Exercise material ->
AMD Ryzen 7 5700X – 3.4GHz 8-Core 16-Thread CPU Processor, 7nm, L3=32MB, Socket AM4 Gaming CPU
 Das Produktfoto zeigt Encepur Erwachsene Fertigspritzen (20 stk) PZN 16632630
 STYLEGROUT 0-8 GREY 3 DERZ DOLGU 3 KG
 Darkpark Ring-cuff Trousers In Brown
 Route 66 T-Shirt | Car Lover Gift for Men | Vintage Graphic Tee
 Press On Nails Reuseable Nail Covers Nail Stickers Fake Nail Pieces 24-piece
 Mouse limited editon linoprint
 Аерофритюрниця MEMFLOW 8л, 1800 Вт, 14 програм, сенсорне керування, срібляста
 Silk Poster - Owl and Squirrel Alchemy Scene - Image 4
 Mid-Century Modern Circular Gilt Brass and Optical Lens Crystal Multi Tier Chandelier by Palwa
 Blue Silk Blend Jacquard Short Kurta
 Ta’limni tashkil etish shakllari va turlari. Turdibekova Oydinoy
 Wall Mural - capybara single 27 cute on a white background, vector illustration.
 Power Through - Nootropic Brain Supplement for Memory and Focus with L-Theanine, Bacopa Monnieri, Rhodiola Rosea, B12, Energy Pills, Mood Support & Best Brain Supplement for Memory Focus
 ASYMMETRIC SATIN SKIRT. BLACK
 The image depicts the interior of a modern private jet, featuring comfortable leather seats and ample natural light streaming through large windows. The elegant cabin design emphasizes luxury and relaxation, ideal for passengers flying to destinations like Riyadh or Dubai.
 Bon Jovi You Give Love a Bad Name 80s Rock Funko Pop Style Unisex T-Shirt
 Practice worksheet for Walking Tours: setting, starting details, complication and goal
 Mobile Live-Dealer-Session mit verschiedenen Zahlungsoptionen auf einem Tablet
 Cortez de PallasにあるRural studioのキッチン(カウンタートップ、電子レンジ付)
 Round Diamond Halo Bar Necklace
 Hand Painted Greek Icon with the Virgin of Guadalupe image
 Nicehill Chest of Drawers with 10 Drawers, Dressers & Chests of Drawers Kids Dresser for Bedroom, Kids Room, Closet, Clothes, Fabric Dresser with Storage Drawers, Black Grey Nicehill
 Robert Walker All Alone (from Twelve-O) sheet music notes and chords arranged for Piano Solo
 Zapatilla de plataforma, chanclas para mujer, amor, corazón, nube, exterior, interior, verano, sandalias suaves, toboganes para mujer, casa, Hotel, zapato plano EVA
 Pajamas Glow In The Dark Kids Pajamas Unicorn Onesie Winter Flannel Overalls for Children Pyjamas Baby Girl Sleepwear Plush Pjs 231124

Action item ->
Which of the lines above hold the word "interior"? Copy each one.

Answer box ->
 The image depicts the interior of a modern private jet, featuring comfortable leather seats and ample natural light streaming through large windows. The elegant cabin design emphasizes luxury and relaxation, ideal for passengers flying to destinations like Riyadh or Dubai.
 Zapatilla de plataforma, chanclas para mujer, amor, corazón, nube, exterior, interior, verano, sandalias suaves, toboganes para mujer, casa, Hotel, zapato plano EVA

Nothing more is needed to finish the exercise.